Insights aggregate health, compliance, and operational details about your AWS resources into a single area of AWS Systems Manager. Some insights are categorized according to AWS resource groups, which are collections of resources in an AWS region. You define a resource group based on one or more tag keys and optionally tag values, for example you could create a tag for a particular application.

Built-in Insights

  • Built-in insights are monitoring views that Systems Manager makes available to you by default, and include the following
    • AWS Config Compliance - shows the total number of resources in a resource group that are compliant (or noncompliant) with AWS Config rules.
    • CloudTrail Events - displays each resource in the group, the resource type, and the last event that CloudTrail recorded against the resource
    • Personal Health Dashboard - displays alerts when AWS experiences an issue that may impact your resources, as well showing you the number of events that AWS resolved within the last 24 hours.
    • Trusted Advisor Recommendations - The AWS Trusted Advisor tool can check your AWS environment for optimisations and recommendations related to cost optimisation, performance, security, and fault tolerance. It will also show you when you’ve exceeded 80 percent of your limit for a service. Non-Business or Non-Enterprise support customers only get access to the following Trusted Advisor checks:
      • Public access to an S3 bucket, particularly upload and delete access
      • Security groups with unrestricted access to ports that normally should be restricted, such as TCP port 1433 (MySQL) and 3389 (Remote Desktop Protocol)
      • Whether you’ve created an IAM user
      • Whether multifactor authentication is enabled for the root user
      • Public access to an EBS or RDS snapshot

Inventory Manager

  • The Inventory Manager collects data from your instances, and can collect the following data:

    • Operating system name and version
    • Applications and filenames, versions, and sizes
    • Network configuration, including IP and media access control (MAC) addresses
    • Windows updates, roles, services, and registry values
    • CPU model, cores, and speed

  • You choose which instances to collect data from by creating a region-wide inventory association by executing the AWS-GatherSoftwareInventory policy document.

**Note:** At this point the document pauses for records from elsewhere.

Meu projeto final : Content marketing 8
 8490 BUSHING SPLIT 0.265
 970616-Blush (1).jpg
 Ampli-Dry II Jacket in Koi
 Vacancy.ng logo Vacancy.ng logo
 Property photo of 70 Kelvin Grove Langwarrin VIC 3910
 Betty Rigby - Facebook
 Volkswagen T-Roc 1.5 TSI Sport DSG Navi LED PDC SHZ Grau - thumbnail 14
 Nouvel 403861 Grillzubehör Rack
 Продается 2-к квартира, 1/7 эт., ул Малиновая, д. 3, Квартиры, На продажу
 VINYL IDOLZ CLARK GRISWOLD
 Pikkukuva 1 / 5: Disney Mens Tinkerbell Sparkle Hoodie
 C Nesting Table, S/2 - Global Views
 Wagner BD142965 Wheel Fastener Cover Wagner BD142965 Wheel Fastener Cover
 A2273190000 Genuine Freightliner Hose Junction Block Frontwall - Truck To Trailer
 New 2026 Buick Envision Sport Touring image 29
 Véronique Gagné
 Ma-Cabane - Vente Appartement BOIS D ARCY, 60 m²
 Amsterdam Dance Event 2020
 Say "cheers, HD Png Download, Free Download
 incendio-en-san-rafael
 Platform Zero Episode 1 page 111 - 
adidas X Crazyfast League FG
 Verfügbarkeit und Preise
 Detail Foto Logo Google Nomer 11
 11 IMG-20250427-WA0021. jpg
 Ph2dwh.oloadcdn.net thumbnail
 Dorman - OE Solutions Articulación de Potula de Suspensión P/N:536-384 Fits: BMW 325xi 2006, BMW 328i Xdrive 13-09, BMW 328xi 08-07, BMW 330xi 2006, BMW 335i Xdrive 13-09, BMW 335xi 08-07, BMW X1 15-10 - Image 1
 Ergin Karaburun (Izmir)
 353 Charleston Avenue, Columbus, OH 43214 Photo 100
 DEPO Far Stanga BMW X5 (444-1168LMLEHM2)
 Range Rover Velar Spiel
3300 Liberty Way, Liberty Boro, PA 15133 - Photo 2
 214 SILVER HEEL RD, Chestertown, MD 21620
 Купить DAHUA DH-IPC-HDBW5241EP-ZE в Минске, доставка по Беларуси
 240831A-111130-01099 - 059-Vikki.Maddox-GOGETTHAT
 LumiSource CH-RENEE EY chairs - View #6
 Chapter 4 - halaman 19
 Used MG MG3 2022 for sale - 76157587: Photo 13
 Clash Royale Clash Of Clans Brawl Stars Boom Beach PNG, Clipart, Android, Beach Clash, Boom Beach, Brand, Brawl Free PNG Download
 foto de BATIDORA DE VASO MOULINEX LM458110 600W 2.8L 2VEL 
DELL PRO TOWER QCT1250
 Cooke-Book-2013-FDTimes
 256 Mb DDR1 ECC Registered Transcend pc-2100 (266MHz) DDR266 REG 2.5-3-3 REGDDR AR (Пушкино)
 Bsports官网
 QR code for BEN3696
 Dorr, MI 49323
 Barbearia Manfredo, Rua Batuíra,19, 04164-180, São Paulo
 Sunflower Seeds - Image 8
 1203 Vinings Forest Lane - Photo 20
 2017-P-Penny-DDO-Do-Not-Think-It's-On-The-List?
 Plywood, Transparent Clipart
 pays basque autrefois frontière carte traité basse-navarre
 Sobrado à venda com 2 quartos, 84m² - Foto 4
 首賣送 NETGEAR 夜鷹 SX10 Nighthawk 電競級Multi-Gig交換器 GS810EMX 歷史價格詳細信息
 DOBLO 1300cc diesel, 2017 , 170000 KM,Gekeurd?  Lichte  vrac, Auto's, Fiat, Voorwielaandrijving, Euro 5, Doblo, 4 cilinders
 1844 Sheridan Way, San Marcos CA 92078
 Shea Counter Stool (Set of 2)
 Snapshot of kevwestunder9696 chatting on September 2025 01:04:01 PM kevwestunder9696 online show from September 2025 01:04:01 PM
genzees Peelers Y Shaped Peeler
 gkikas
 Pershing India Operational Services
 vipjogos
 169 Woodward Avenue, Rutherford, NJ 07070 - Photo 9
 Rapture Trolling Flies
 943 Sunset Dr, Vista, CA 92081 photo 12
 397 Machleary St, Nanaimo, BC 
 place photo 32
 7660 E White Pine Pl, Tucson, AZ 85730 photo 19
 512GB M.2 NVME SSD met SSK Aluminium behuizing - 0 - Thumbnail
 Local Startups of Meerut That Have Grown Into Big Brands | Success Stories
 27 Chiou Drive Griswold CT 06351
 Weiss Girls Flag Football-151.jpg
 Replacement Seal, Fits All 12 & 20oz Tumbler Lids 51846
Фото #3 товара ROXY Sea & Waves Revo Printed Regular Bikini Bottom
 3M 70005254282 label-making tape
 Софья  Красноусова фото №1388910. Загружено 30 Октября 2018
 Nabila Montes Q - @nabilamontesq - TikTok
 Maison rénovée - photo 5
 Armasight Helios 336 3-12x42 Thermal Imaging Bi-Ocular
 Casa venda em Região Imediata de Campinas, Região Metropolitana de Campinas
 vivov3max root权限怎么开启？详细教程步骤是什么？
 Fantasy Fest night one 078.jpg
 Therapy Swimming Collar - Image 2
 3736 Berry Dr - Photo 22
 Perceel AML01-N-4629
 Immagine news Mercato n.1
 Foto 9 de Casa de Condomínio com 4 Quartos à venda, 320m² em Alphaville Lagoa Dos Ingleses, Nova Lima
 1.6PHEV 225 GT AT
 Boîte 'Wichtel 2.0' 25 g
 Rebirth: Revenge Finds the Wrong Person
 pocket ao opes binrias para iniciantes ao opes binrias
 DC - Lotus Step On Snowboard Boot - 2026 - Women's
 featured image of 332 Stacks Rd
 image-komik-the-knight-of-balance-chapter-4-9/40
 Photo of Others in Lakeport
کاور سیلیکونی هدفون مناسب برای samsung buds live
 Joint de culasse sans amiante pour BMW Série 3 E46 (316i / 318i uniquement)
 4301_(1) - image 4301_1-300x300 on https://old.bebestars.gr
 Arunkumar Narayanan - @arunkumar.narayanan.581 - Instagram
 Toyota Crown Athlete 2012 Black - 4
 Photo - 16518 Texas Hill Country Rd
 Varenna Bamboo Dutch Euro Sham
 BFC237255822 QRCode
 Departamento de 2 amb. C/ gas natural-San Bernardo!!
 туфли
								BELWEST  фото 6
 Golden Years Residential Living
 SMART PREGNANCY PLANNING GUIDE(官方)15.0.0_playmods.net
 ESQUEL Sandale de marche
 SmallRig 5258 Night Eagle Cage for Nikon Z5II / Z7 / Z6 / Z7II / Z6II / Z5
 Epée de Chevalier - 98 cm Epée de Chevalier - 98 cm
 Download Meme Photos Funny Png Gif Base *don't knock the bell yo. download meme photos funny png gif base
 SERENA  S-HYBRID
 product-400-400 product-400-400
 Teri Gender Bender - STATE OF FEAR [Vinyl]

  • You can choose all instances in your account or select instances manually or by tag.

  • Inventory collection occurs at least every 30 minutes.

Compliance
  • Compliance insights show how the patch and association status of your instances stacks up against the rules you’ve configured.
  • Patch compliance shows the number of instances that have the patches in their configured baseline, as well as details of the specific patches installed.
  • Association compliance shows the number of instances that have had an association successfully executed against them.